Sonic search: notes on its use

I have been working on a WordPress search plugin to use Valerian Saliou‘s Sonic search backend. It is a lightweight alternative to backends like Elastic Search. Its straightforward approach to normalizing natural language queries makes it useful for searching WordPress content. And its speed and feature set lend themselves gracefully to autocompletion.

Using Sonic in place of WordPress’s native search capability improves both performance and user experience. (WordPress relies on SQL’s notoriously slow LIKE pattern-matching operator to perform searches.)

Sonic is a Rust package that compiles to a single executable program. Internally it uses the RocksDB key-value store. It connects to client programs via TCP. Php code from inside WordPress accesses it via the psonic library.

Because its connection is pure TCP without TLS, Sonic is probably insecure except on a trusted local network. It can be configured to listen only to the loopback adapter ([::1] or 127.0.0.1).
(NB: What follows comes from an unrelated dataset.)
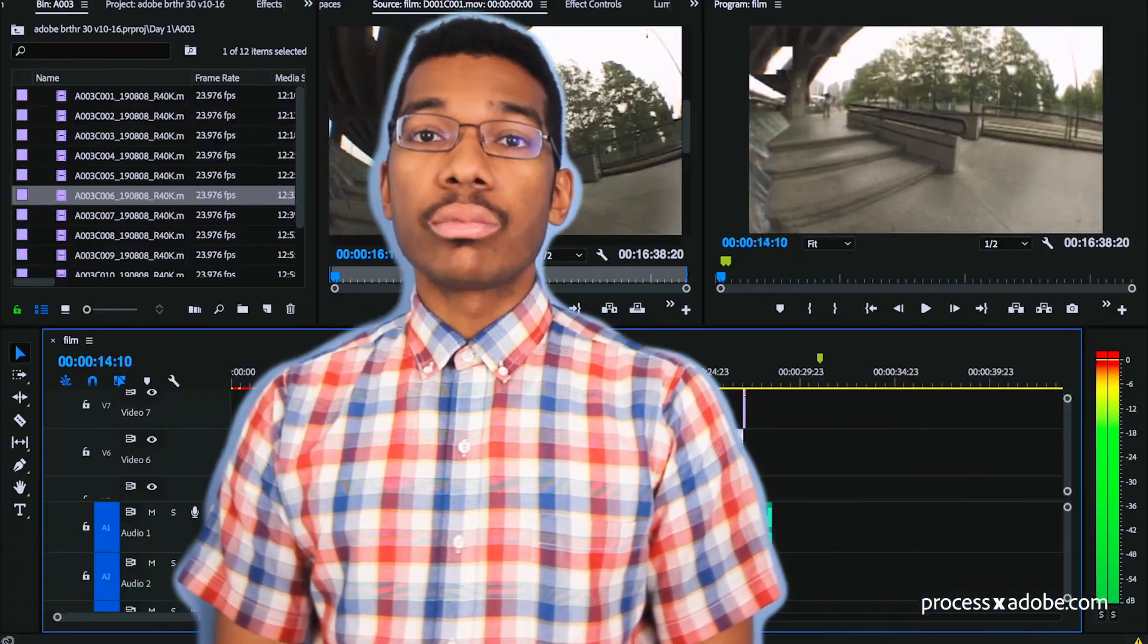For most photographers and videographers, Adobe products are what they live and swear by. There's a good reason for this. Most Adobe products are awesome. Photoshop, Lightroom, and Premiere Pro are loaded with features.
Sonic stores its content in the file system of its host machine. It works best on solid state drives.

Being a simple lightweight program, Sonic does not scale out to multiple host machines. At the same time, because it is simple and lightweight it can handle a large load on just one machine.

As of late October 2022, it can be installed using a Docker container or by building the Rust program. Ideally it would have .deb packages and other binary installers.

Storage

It stores information in a three-level hierarchy: Collection, Bucket, and Object. Sonic uses Unicode throughout.

Collections

In WordPress use, a Collection corresponds to an independent site or blog. In a WordPress multisite installation, for example, each blog (subsite) would have its own Collection. If a single Sonic server supported multiple tenant WordPress installations, each would have its own Collection.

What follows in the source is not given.